The family court's jurisdiction did not automatically end once Stefanik, Beam, and the Children moved out of state. In re Lewin, 149 S.W.3d 727, 736 (Tex.Ct.App.2004) (“A court's exclusive continuing jurisdiction does not vanish immediately once all the parties leave the state.”). As explained in section 2 of the Comment to § 202 of the UCCJEA:

Jurisdiction attaches at the commencement of a proceeding. If State A had jurisdiction under this section at the time a modification proceeding was commenced there, it would not be lost by all parties moving out of the State prior to the conclusion of proceeding. State B would not have jurisdiction to hear a modification unless State A decided that State B was more appropriate under Section 207.

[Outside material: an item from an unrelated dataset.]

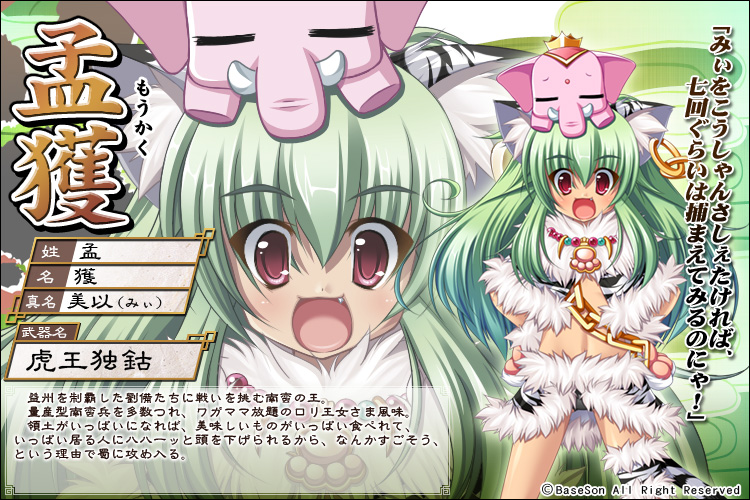 Mōkaku Koihime Wiki Fandom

(Emphasis added.) Jurisdiction remains with the home state until the home state or another state determines that the exclusive continuing jurisdiction of the home state has ended. UCCJEA § 202; HRS § 583A–202; State of New Mexico ex rel. Children, Youth & Families Dep't v. Donna J., 129 P.3d 167, 171 (N.M.Ct.App.2006) (“[T]he UCCJEA language specifically requires action by either the home or another state before exclusive, continuing jurisdiction in the home state ceases.”). Section 2 of the Comment explains in relevant part:

If the child, the parents, and all persons acting as parents have all left the State which made the custody-determination prior to the commencement of the modification proceeding, considerations of waste of resources dictate that a court in State B, as well as a court in State A, can decide that State A has lost exclusive, continuing jurisdiction.

(Emphasis added.)

The family court retained exclusive and continuing jurisdiction after the parties moved away from Hawai‘i because the child custody modification proceeding initiated by Beam's Custody Motion was still pending. See Beam v. Beam, supra. The October 13, 2009 Order and this court's subsequent November 15, 2010 Memorandum Opinion affirming the October 13, 2009 Order ended all modification proceedings.

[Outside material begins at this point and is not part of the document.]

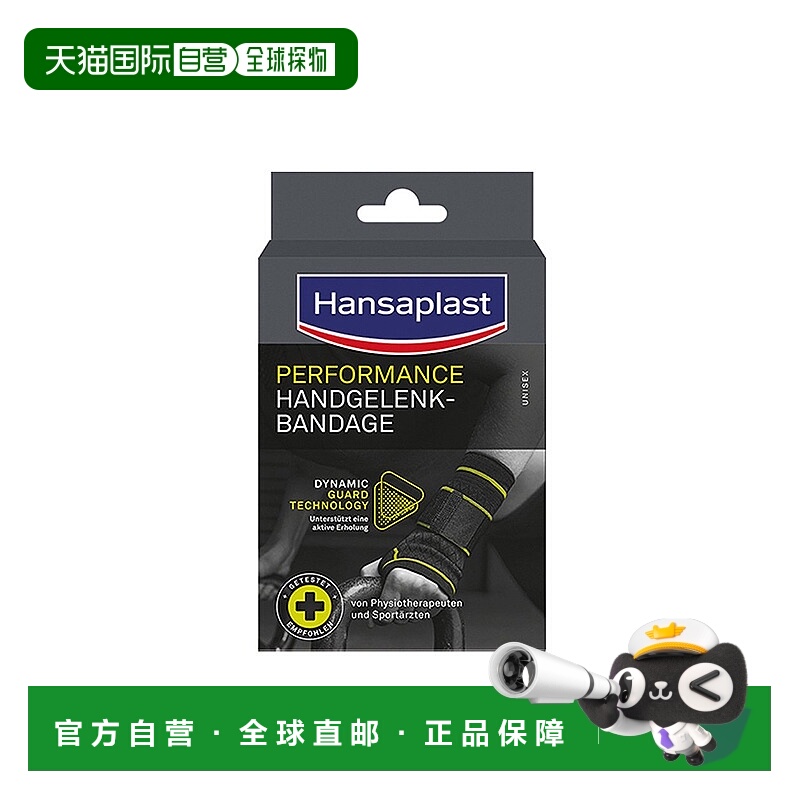 德国汉莎Hansaplast透气护腕大号运动护具支撑腕关节扭伤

In December 2010, in Louisiana, Stefanik and Beam initiated proceedings to modify the October 13, 2009 Order. On December 21, 2010, the Louisiana Court modified the October 13, 2009 Order regarding child custody. Both parties consented to the jurisdiction of the Louisiana Court. According to the Consent Judgment, Stefanik lived in Alabama and Beam lived in Louisiana. The Louisiana court determined it had exclusive jurisdiction regarding custody and support of the Children and its jurisdiction would continue “as long as one party resides in Louisiana.”13

In its FOFs/COLs/Order, the family court correctly concluded that Hawai‘i no longer had exclusive, continuing jurisdiction because Louisiana “took exclusive jurisdiction over issues pertaining to the custody and support of the [C]hildren with the consent of both [Stefanik] and [Beam].” Because Hawai‘i no longer had jurisdiction, the family court had no authority to modify the October 13, 2009 Order.

IV.

The “Order Denying Motion to Vacate Order of October 13, 2009” filed on March 2, 2011 and the “Findings of Fact, Conclusions of Law, Order” filed on May 4, 2011 in the Family Court of the First Circuit are affirmed.

FOOTNOTES

1.  The Honorable Michael K. Tanigawa presided.

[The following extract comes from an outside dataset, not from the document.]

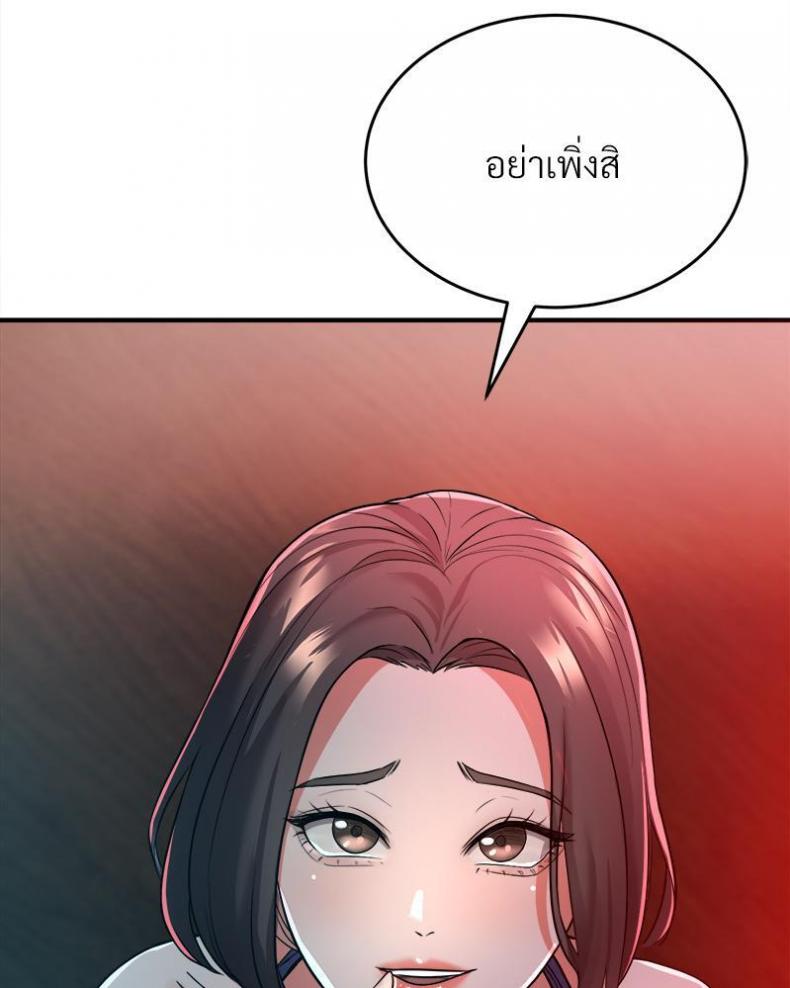 page-104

2.  The Honorable Christine E. Kuriyama issued the divorce decree.

3.  The Honorable R. Mark Browning presided at both hearings.

4.  The Honorable Jennifer L. Ching presided and entered the October 13, 2009 Order.

5.  (Foley and Ginoza, JJ.; Nakamura, C.J., dissenting separately).

6.  Over the course of the various legal proceedings, Stefanik, Beam, and the Children moved from Hawai‘i. At the time Stefanik and Beam entered into the Consent Judgment, Beam and the Children had lived in Louisiana since April 15, 2009 and Stefanik had lived on the mainland United States since March 3, 2007.

7.  The Honorable Mary C. Devereaux presided.

8.  “ ‘Modification’ means a child-custody determination that changes, replaces, supersedes, or is otherwise made after a previous determination concerning the same child, whether or not it is made by the court that made the previous determination.” HRS § 583A–102 (2005 Repl.).

9.  The UCCJEA with Prefatory Note and Comments is found at http:// www.law.upenn.edu/bll/archives/ulc/fnact99/1990s/uccjea97.htm.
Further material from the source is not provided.